[Opening Extracted material section]

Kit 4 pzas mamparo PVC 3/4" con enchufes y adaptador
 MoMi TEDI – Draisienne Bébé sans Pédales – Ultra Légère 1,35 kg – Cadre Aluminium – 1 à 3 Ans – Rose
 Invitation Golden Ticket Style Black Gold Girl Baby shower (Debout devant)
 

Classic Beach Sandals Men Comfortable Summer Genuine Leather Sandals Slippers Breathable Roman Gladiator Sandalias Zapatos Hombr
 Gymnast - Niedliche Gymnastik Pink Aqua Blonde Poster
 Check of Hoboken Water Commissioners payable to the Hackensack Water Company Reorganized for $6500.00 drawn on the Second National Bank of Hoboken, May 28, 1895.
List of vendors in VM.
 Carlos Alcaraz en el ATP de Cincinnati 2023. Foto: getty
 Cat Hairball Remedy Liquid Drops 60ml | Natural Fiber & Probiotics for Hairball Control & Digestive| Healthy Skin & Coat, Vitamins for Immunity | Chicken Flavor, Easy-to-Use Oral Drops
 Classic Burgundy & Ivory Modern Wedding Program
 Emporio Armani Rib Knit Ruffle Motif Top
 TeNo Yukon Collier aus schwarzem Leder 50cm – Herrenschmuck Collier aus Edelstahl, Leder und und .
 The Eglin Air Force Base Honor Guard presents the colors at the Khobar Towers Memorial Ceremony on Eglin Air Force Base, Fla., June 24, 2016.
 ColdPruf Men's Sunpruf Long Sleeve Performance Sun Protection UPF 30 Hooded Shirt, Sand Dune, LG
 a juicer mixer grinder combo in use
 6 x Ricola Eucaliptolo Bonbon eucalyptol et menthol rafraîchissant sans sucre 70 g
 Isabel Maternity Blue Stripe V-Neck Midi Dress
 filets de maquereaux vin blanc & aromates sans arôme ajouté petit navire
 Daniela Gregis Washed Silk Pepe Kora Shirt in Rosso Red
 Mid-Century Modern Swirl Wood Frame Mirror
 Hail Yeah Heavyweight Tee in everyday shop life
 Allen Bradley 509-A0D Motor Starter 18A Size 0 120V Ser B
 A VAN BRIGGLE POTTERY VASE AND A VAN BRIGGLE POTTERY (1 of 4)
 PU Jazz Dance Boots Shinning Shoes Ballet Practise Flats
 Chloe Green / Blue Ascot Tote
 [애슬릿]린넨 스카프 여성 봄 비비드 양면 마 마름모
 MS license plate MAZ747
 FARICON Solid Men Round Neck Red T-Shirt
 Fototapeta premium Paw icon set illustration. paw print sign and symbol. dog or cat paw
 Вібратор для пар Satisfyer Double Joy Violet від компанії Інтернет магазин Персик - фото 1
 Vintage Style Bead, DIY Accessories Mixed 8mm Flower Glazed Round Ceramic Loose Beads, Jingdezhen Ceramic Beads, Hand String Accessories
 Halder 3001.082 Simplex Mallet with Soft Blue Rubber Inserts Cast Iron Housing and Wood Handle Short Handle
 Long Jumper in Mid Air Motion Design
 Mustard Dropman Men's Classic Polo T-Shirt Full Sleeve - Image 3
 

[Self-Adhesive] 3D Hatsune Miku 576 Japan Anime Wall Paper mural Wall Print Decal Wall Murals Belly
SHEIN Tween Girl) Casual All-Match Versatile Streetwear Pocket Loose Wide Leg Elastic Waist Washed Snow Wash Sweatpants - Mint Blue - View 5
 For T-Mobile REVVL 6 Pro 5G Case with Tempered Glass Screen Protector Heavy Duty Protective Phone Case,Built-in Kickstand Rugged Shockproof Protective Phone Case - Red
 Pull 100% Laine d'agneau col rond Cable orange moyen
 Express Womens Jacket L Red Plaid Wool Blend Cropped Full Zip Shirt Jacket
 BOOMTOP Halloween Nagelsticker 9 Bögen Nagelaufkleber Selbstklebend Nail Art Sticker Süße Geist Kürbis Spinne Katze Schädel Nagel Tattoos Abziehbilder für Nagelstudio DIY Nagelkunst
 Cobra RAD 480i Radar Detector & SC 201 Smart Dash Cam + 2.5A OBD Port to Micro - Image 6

[Closing Extracted material section]

Only the lines from the one containing "For T-Mobile REVVL" through the last line of the records belong in the answer, each written out exactly.

 For T-Mobile REVVL 6 Pro 5G Case with Tempered Glass Screen Protector Heavy Duty Protective Phone Case,Built-in Kickstand Rugged Shockproof Protective Phone Case - Red
 Pull 100% Laine d'agneau col rond Cable orange moyen
 Express Womens Jacket L Red Plaid Wool Blend Cropped Full Zip Shirt Jacket
 BOOMTOP Halloween Nagelsticker 9 Bögen Nagelaufkleber Selbstklebend Nail Art Sticker Süße Geist Kürbis Spinne Katze Schädel Nagel Tattoos Abziehbilder für Nagelstudio DIY Nagelkunst
 Cobra RAD 480i Radar Detector & SC 201 Smart Dash Cam + 2.5A OBD Port to Micro - Image 6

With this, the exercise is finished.